USS avoids this problem altogether by eliminating the Sync’s private storage and shifting the metadata storage to the unified storage. The data type specific service (DataTypeService implementation) is responsible for keeping the sync metadata in sync with the data changes. In some cases the metadata consistency with the data is guaranteed by owning the storage implementation and in some cases that is provided by piggybacking on the native storage implementation and understanding how a particular native storage persisting works (see the implementation patterns section above).
Another source of inconsistency is delayed startup of Sync or turning Sync off temporarily (which is possible on mobile platforms). The complete configuration of Sync may sometimes be blocked on network connectivity and gives a user plenty of time to make local changes that remain untracked by Sync.
USS avoids this problem by allowing the change processor component (SharedDataTypeProcessor) to handle local changes and keep updating related sync metadata regardless of whether the rest of Sync engine is up and running. This is possible because the storage of sync metadata doesn’t depend on the Sync backend anymore.

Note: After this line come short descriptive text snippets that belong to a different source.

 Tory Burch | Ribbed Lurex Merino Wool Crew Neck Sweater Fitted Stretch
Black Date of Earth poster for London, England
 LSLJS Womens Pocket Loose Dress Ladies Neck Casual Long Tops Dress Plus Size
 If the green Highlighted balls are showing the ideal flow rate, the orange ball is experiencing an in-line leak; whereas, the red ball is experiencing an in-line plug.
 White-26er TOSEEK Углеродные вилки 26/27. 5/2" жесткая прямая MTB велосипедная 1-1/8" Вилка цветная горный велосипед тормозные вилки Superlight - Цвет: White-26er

Disk and memory usage optimization
Sync DB maintains two copies of synced data plus some sync specific metadata for each synced entity. The two data copies of data are:
Local entity data received from or propagated to the native model.

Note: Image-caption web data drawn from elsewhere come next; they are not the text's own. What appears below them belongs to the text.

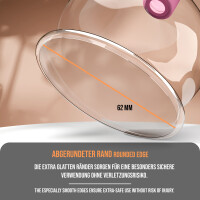 Pulox Schröpfglas aus Echtglas mit Saugball in Pink, 62mm - Profi-Schröpfgläser für Therapie und Massage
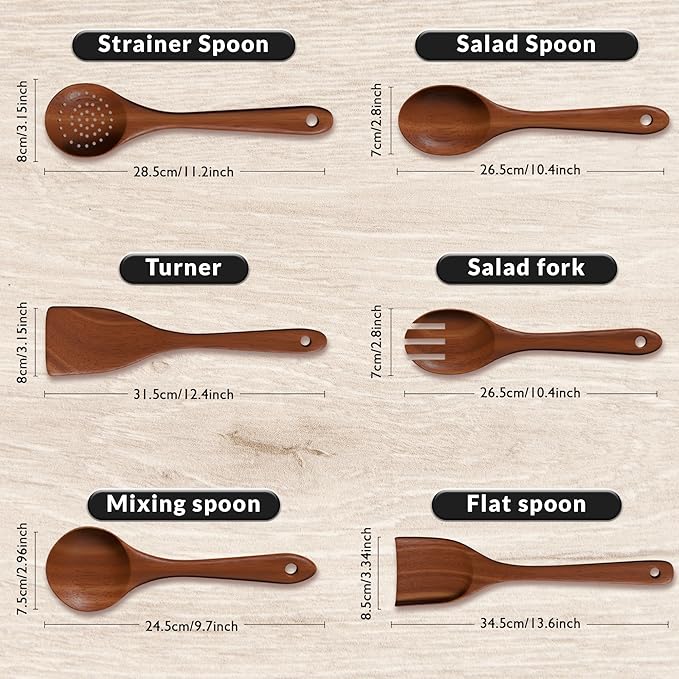 6-Piece Acacia Wood Cooking Utensil Set – Wooden Kitchen Pan Toolset for Nonstick Cookware – Includes Spoons & Spatulas – Non-Scratch, Eco-Friendly Cooking Tools – Everyday Use - Lifetime Replacements-Ruum Studio Home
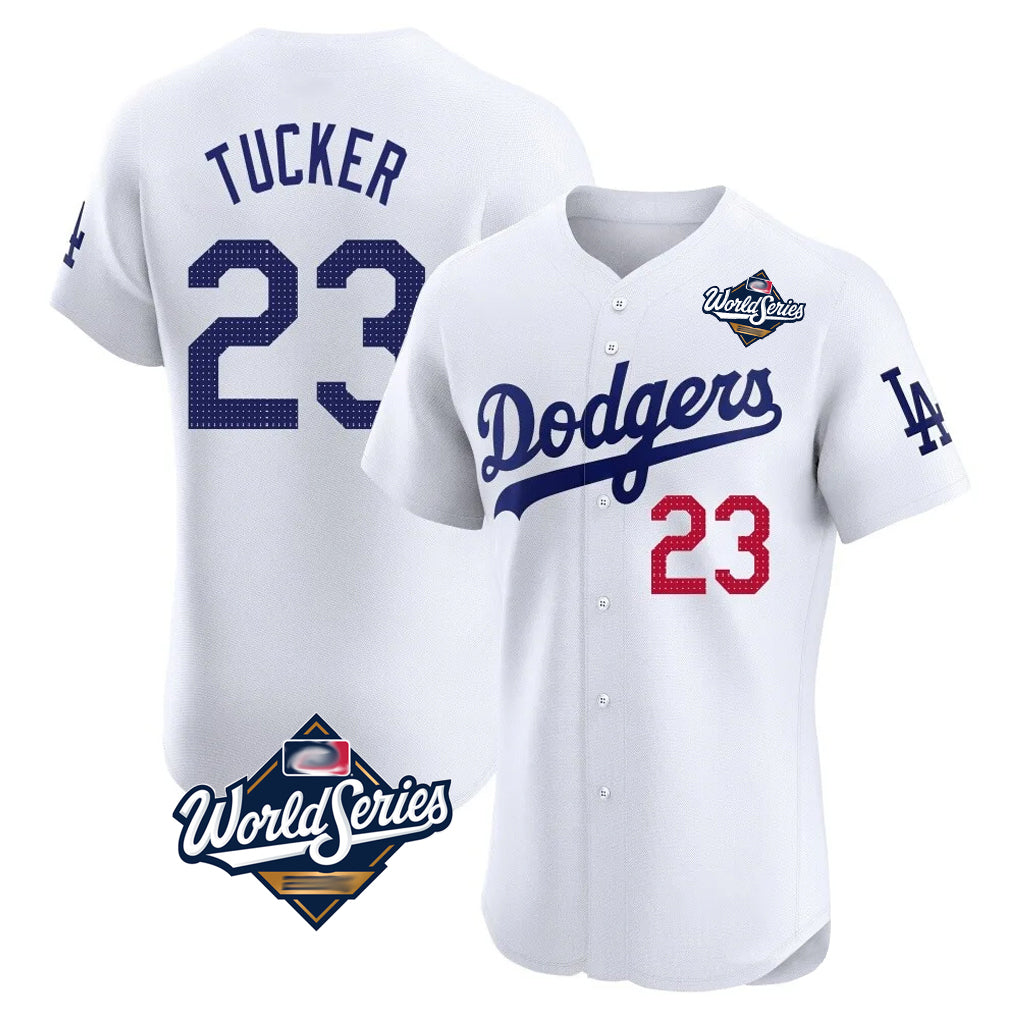 Ldoa LA.Dodgers #23 Kyle Tucker Player White World Series Limited Elite Home Stitched Jerseys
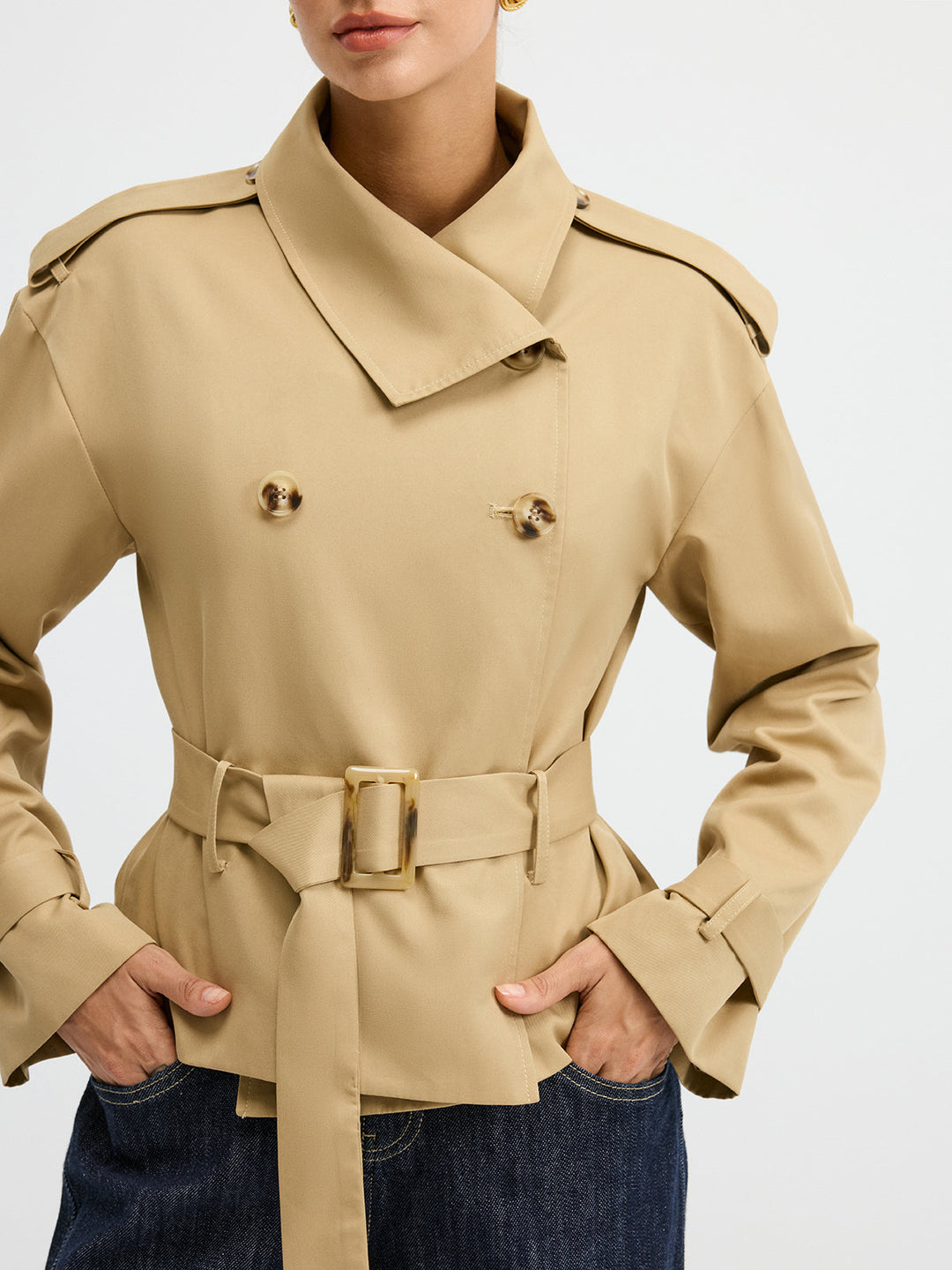 Double-Breasted Belted Trench Coat  Liora Lane Boutique Trench Coats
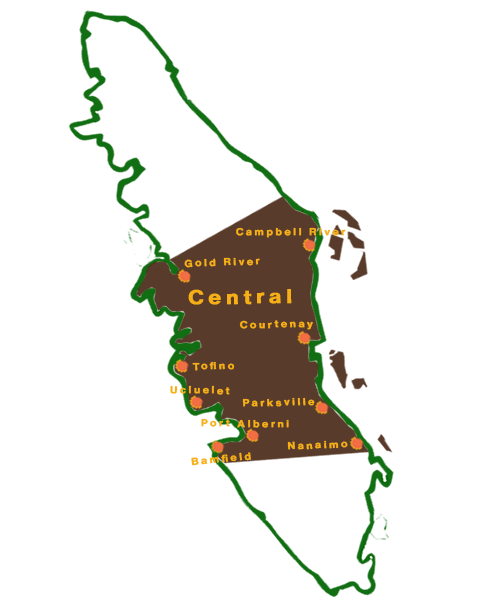 map of central Vancouver Island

Remote entity data received from or committed to the server.
These copies are needed to guarantee that sync metadata is always consistent with the data that Sync operates on(which can get out of sync with the native model as explained above), to ensure that Sync can resume incomplete operations across Chrome restarts, and to enable conflict resolution when the local changes collide with server updates.

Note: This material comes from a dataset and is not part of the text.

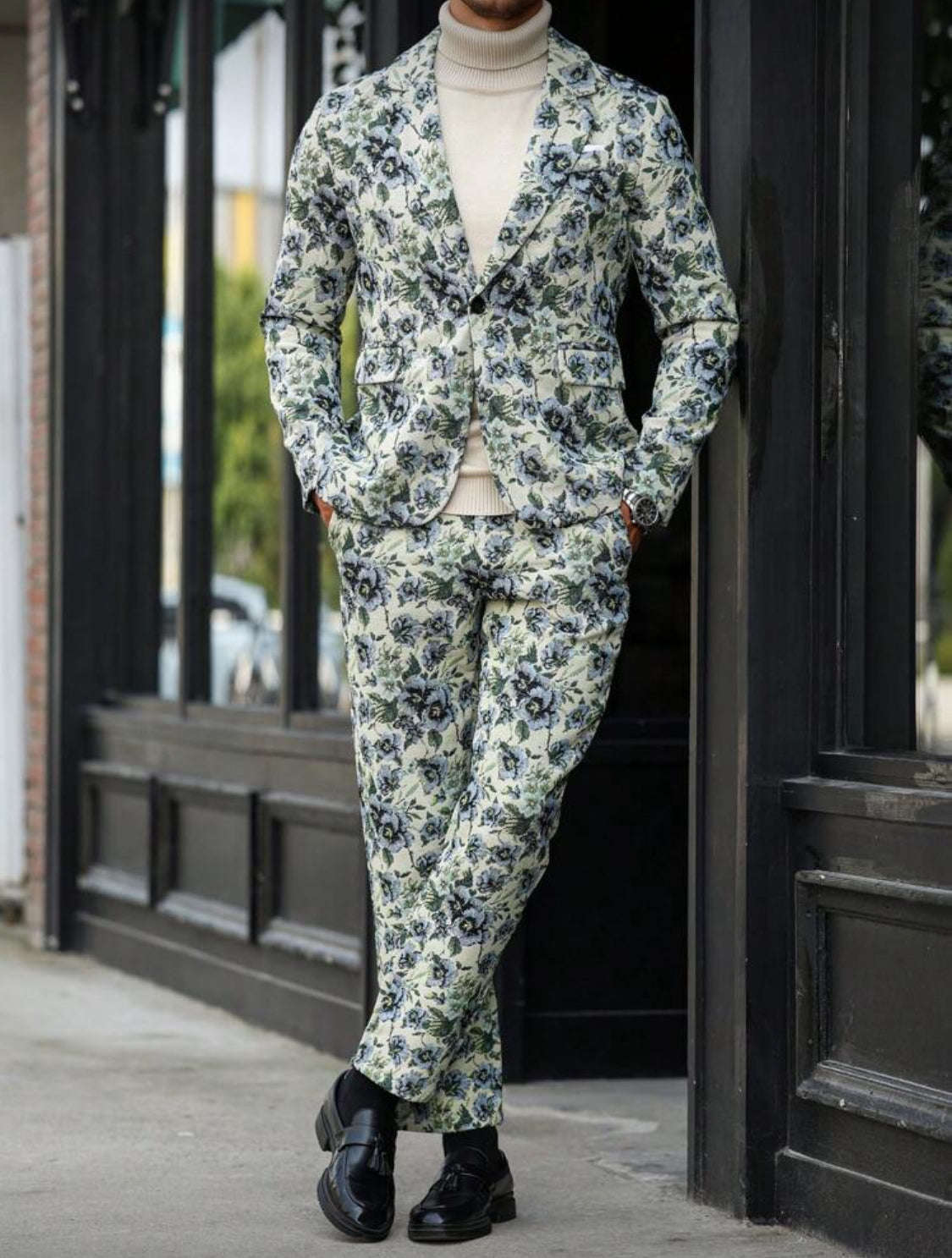 Men’s Floral Print Tailored Suit Set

Sync loads the entire database into memory at startup which includes all the metadata and two data copies per entity. As a result of recent Directory copy-on-write memory usage optimization Sync attempts to share the two copies if they contain identical data. However even with the optimization the extra memory usage is still on the order of several KB per entity.
With USS implementation the plan is to stop keeping any extra copies of sync data on disk or in memory except for short term caching of in-flight entities, e.g. the entities waiting to be committed or applied to the model. The metadata maintained by Sync should allow it to recover from unexpected termination and to redo unfinished operations from scratch, including re-fetching from the model and re-committing items that need to be committed and re-requesting update from the last known progress marker.
Improved parallelism, reduction of thread contention.
The main source of thread contention is exclusive access to Sync Directory shared between all threads. It is fair to say that most of the time only one thread at a time can perform sync operations. Other threads are often blocked waiting to enter the directory read or write transaction.
With USS implementation there is no locking on the directory access. Each datatype has its own asynchronous messaging pipeline.
Code Complexity
The proposed design in general has a fewer number of layers. The centerpiece between the model thread and sync thread is eliminated. The whole layering complexity around the directory access with the transactions, directory persistence, integrity checking, etc is completely eliminated. Each syncable datatype becomes mostly independent from any other datatype. The type specific complexity that is still present in the directory implementation should be moved all the way to type specific DataTypeService implementation. The core of Sync engine should become more or less a streamlined messaging pipeline with conflict resolution logic.
At the same time the complexity of conflict resolution might increase due to asynchronous nature of USS pipeline and lack of a well defined transaction.